She conjures a flame with a wave of her hand, a skill that she had mastered. 

The girl mimics her, her own flame floating above her open palm. 

"See?"

"A simple trick." 

Moria tries not to sneer and fails. What seems like an easy trick would take years of study for those born with very little magical ability. The girl looked young, not even in her twenties. What she had seen, the remains of the magical battle, was that of an Altus. This girl could be a lesser known cousin or even a misplaced one. It happens sometimes when certain people have sex with certain people and dump the kid into a bassinet and float them into the ocean. 

"The next ship? We're leaving on it." Moria had plans. There wasn't anything the Commander was going to do to ruin it. "I'm going to talk to Altus Korian about this. He will see reason, unlike you." 

The Commander made a general huffing noise but he didn't disagree. He had other things to deal with aside from lost mages. Unlike the flood of Altus that arrive on their yacht's, he actually had a war to plan. He didn't have time to worry about their eccentricities.

//

Korra tried really hard not to freak out. Did she pull them out of the Spirit World wrong? Could that happen? Is that possible? 

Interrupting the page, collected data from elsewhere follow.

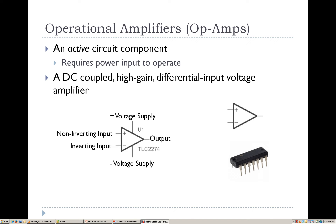The next electronic device we're going to talk about is the Operational Amplifier. The Operational Amplifier is a very versatile component and is frequently used for signal measurements and signal conditioning. We'll talk about some of the different uses for it, but right now we're going to talk about the basics.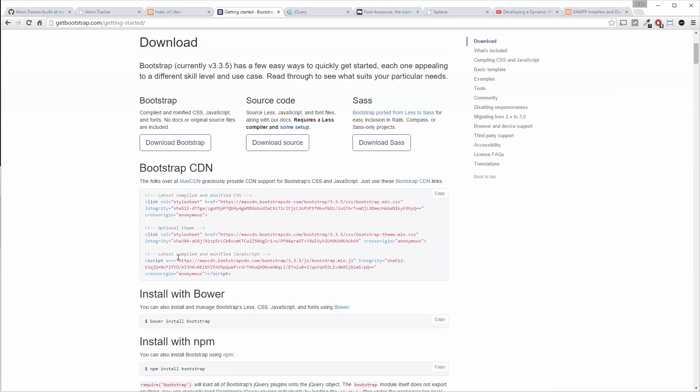which you can find here by clicking on get started and you'll see them here. Now these might look a little different than the ones I'm using on GitHub, but they should work just the same.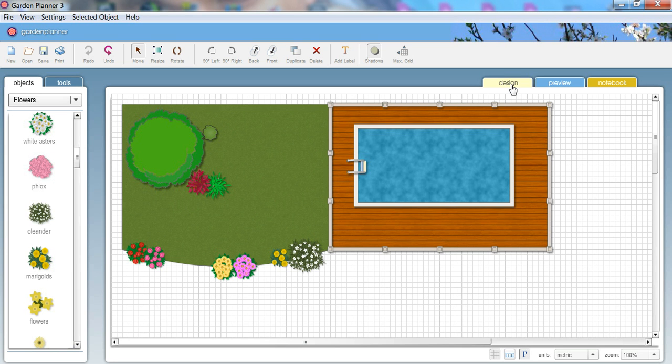So that's it. That sums it up. That's Garden Planner, available for Windows and Mac. And go to smallblueprinter.com to download a free 15 day trial. Thank you.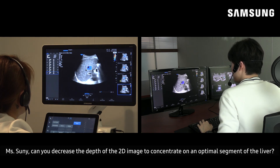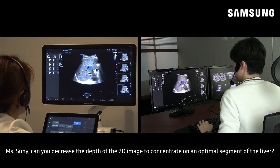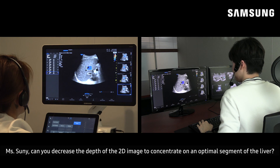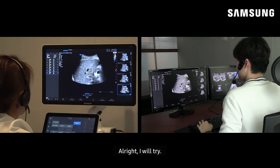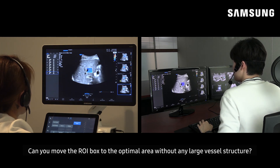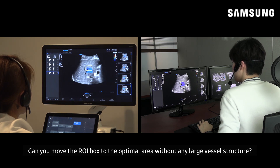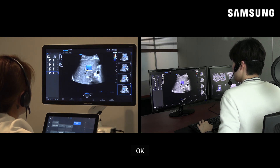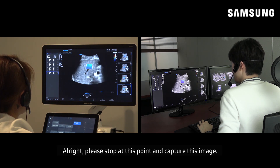Would you please hold your breath for a second? Ms. Sunny, can you decrease the depth of the 2D image to concentrate on an optimal segment of the liver? Alright, I'm trying. Thank you. Could you move the ROI box to an optimal area without any vessel structures? Okay. There we go. Please stop at this point and capture this image.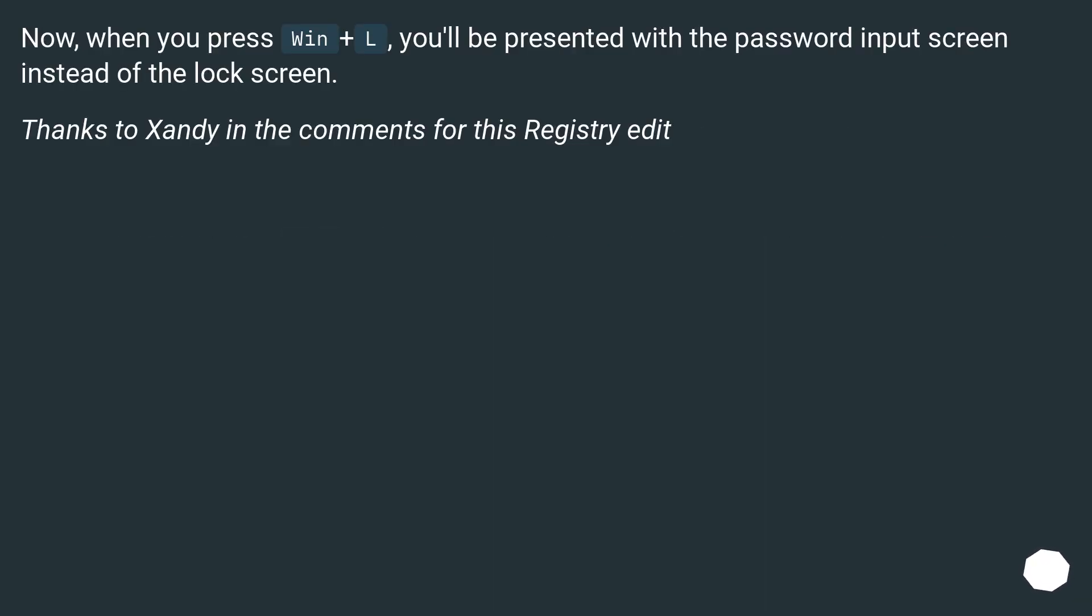Now when you press Win + L, you'll be presented with the password input screen instead of the lock screen. Thanks to Zandi in the comments for this registry edit.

Tenzin was going to be sooo pissed. 

_Worry not._ Raava's voice whispered around her ears. 

Korra wasn't really sure she could be calm. She went from one war zone to another where huge horned people tried to turn her into tiny itty bitty bloody pieces. It was super hard to be calm. Where was Kuvira? Was she okay? 

_There is an usually high amount of spirits in the area._ Raava said rather conversationally. _I can feel them._

Oh. Joy. Most spirits were okay. Some were not. 

Korra just followed the robe wearing dark haired woman and tried really hard not to think about how screwed she was.


End file.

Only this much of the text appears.